● Task instructions
Wherever a picture appears, skip it and retype the rest of the data exactly.

● Source material
..............................
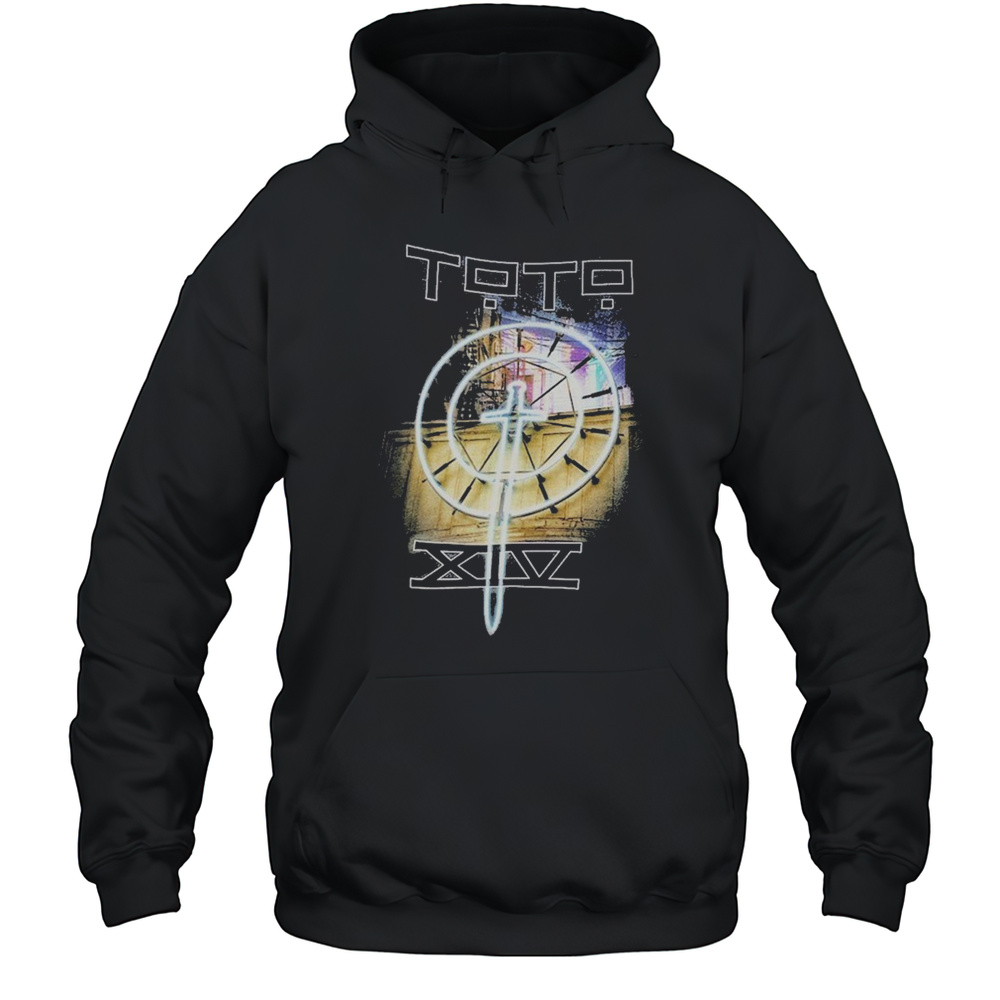 Toto XIV T-shirt Unisex Hoodie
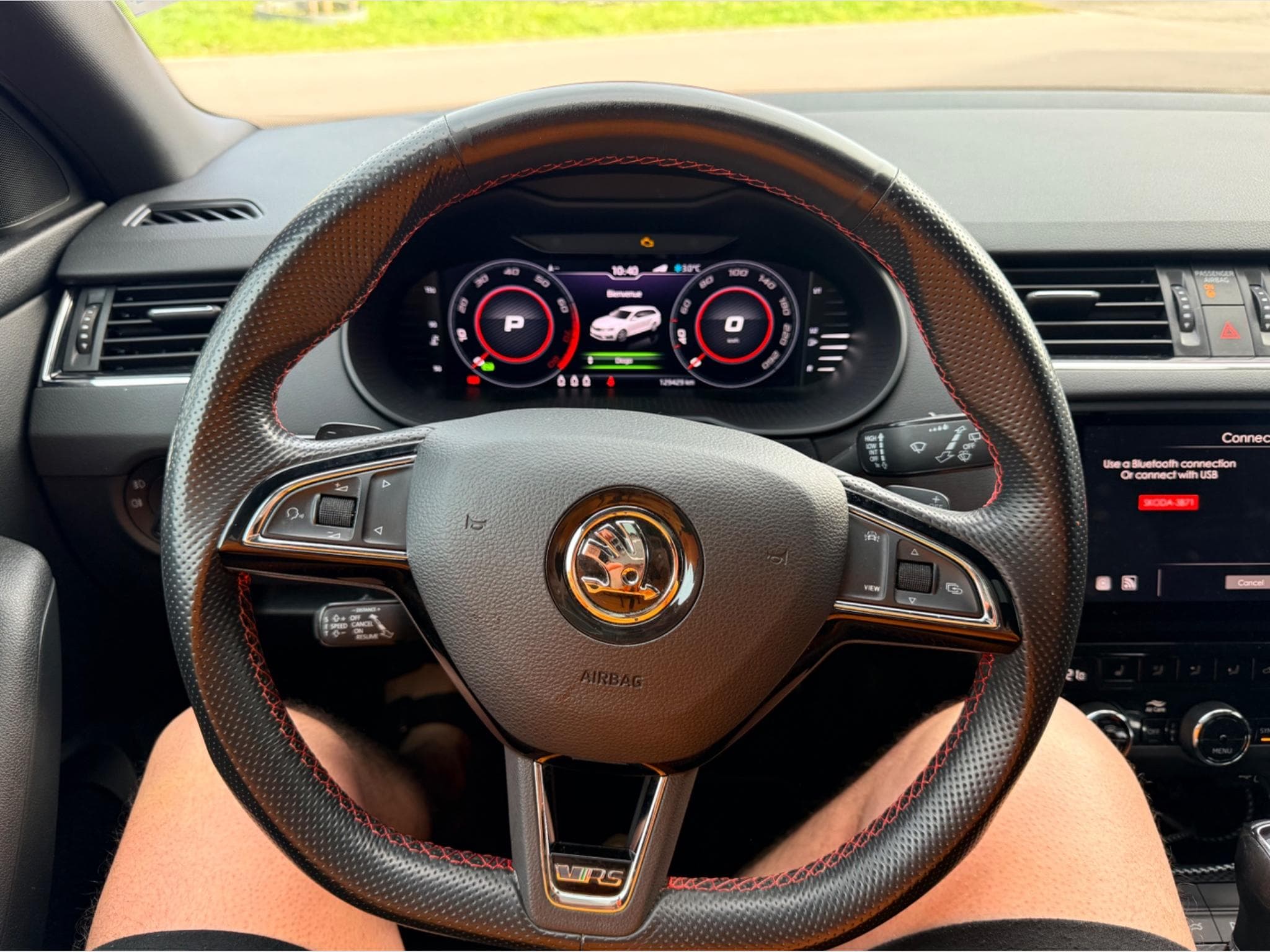 Skoda Octavia RS (2020) - Photo 6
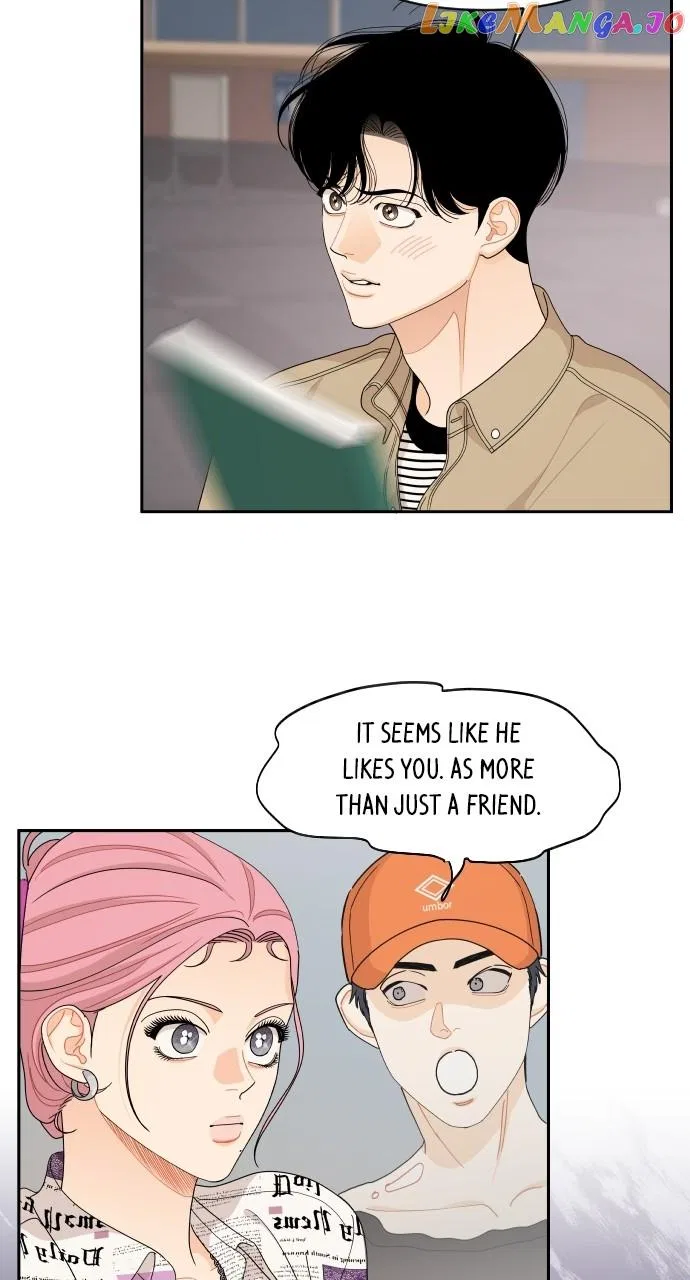 A Whirlwind Campus Affair Chapter 71 – Page 29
..............................
● Response for this exercise
 Toto XIV T-shirt Unisex Hoodie
 Skoda Octavia RS (2020) - Photo 6
 A Whirlwind Campus Affair Chapter 71 – Page 29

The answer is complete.